La France produit à elle seule plus de la moitié
du lactosérum en poudre européen : 
599 232 tonnes en 2002.
Près de la moitié à partir de sérum doux (276 411 tonnes)

La teneur protéique moyenne du lait de vache est de 32 à 35 g par litre. Elle varie selon l'alimentation de l'animal, les saisons et le cycle de lactation. Environ 75 à 80% (78% en moyenne) des protéines sont présentes sous la forme de caséines.

Les 20% restant se trouvent dans le lactosérum, sous forme de protéines solubles ou sériques.

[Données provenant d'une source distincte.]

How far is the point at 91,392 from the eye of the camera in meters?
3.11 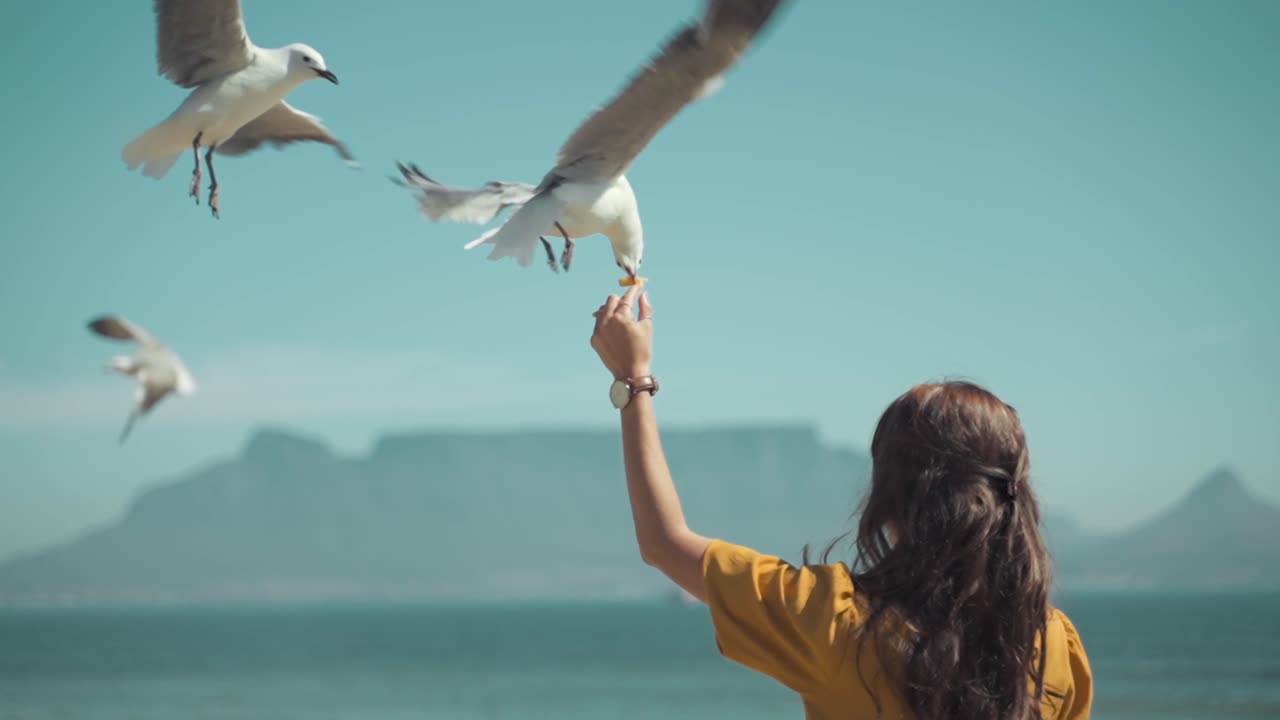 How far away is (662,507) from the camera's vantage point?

Ces protéines solubles sont constituées principalement de bêta-lactoglobuline (3 g/l) et d' alpha-lactalbumine (1,2 g/l).
Le NPN ou azote non protéique représente environ 5% des matières azotées totales, soit 1,6 à 1,7 g par litre de lait entier



 Les caséines du lait sont obtenues par séchage, après neutralisation du caillebotte formé par l'acidification du lait écrémé.


Essentiellement sous forme de micelles (complexes macromoléculaires contenant une partie minérale), elles se répartissent en quatre groupes : alpha S1, alpha S2, bêta, kappa.

A partir de lait écrémé et de caséines, on fabrique des caséinates de sodium ou caséinates de calcium,
selon les agents neutralisants utilisés.




Module d'ultrafiltration


Le
lactosérum est un produit dérivé de la fromagerie et de la fabrication des caséines. On distingue deux sortes de sérums : ceux issus des fabrications acides de caséines ou de fromages à pâte fraîche (acides), et ceux issus des fabrications de caséines présure et des fromages à pâte pressée cuite ou demi cuite. Ces derniers sont des sérums doux. Le lactosérum est commercialisé sous forme de poudre.

La France est le premier producteur européen de lactosérum en poudre (621 000 tonnes en 2001), devant l'Allemagne (228 000 tonnes) et les Pays-Bas (124 000 tonnes).

Les protéines du lactosérum sont obtenues par les procédés d'ultrafiltration, de concentration et de séchage. 
Ces
lactoprotéines sont solubles, globulaires.
Parmi elles : la bêta-lactoglobuline (la plus abondante), l'alpha-lactalbumine, la lactoferrine, des protéines d'origine sanguine (sérumalbumine, immunoglobuline), des protéoses peptones (issues de l'hydrolyse de la bêta-lactoglobuline) et des enzymes (lactoperoxydase, lysozyme, xanthine oxydase).


L'ultrafiltration tangentielle permet d'isoler les concentrés de protéines de lactosérum, dont les utilisations sont multiples.

Du lactosérum, les industriels exploitent également le lactose. C'est un sucre réducteur formé de glucose et de galactose. Il a un très faible pouvoir sucrant.
En 2002, la France a produit 33 929 tonnes de lactose et 6149 tonnes de lactoprotéines.